If you have multiple callsigns (contest calls, special events, club stations), create a persona for each:

# Primary callsign
adif-mcp persona add --name ki7mt --callsign KI7MT --start 2020-01-01
adif-mcp creds set ki7mt eqsl
adif-mcp creds set ki7mt qrz

# Contest callsign (with end date)
adif-mcp persona add --name k7mt --callsign K7MT --start 2024-06-01 --end 2024-06-30
adif-mcp creds set k7mt eqsl

# Set your primary as active
adif-mcp persona set-active ki7mt

Troubleshooting¶

Keyring backend not found (headless Linux)¶

On servers or headless Linux systems without a desktop keyring, install the alternative backend:

pip install keyrings.alt

This uses an encrypted file-based keyring instead of GNOME Keyring or KWallet.

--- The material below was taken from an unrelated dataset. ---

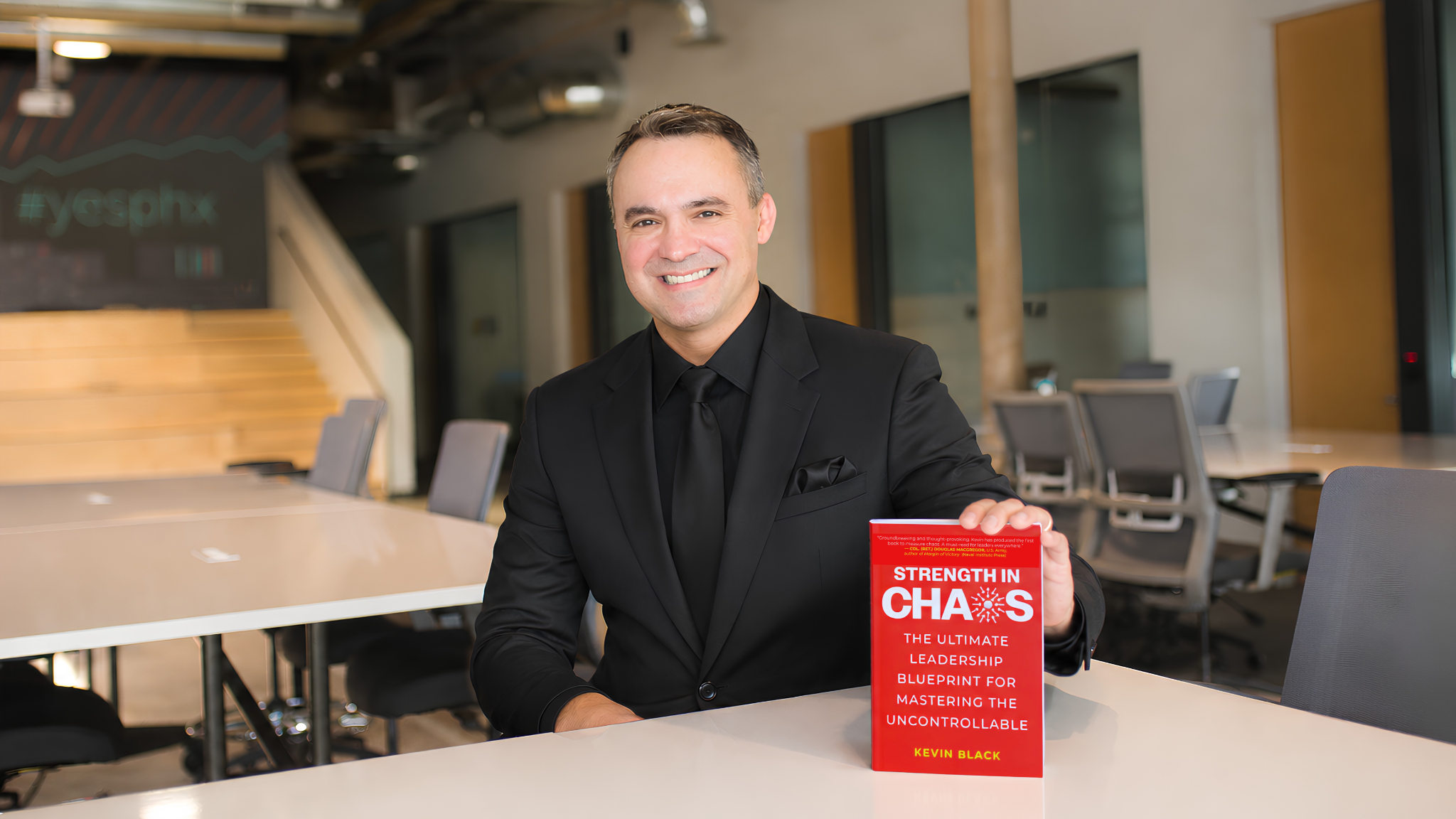 Kevin Black with copies of Strength in Chaos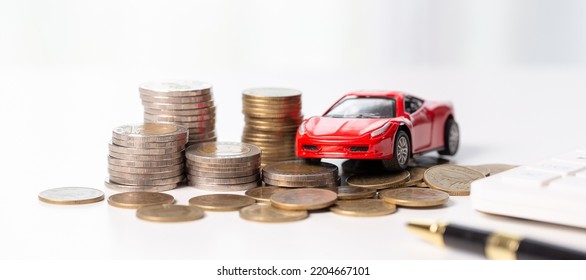 Car Toy Vehicle With Stack Coin Money On Background. Planning To Manage Transportation Finance Costs. Concept Of Car Insurance Business, Saving Buy - Sale With Tax And Loan For New Car.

"No credentials found" errors¶

Run adif-mcp creds doctor to see which providers are missing credentials. The fix is always:

adif-mcp creds set PERSONA PROVIDER

Wrong username or password¶

Delete and re-set the credentials:

adif-mcp creds delete ki7mt eqsl
adif-mcp creds set ki7mt eqsl

Where are credentials stored?¶

OS	Keyring Backend
macOS	Keychain Access
Windows	Credential Manager
Linux (desktop)	GNOME Keyring or KWallet
Linux (headless)	`keyrings.alt` encrypted file

Credentials are stored under the service name adif_mcp with the key format persona:provider. You can view them in your OS keyring manager, but the CLI is the easiest way to manage them.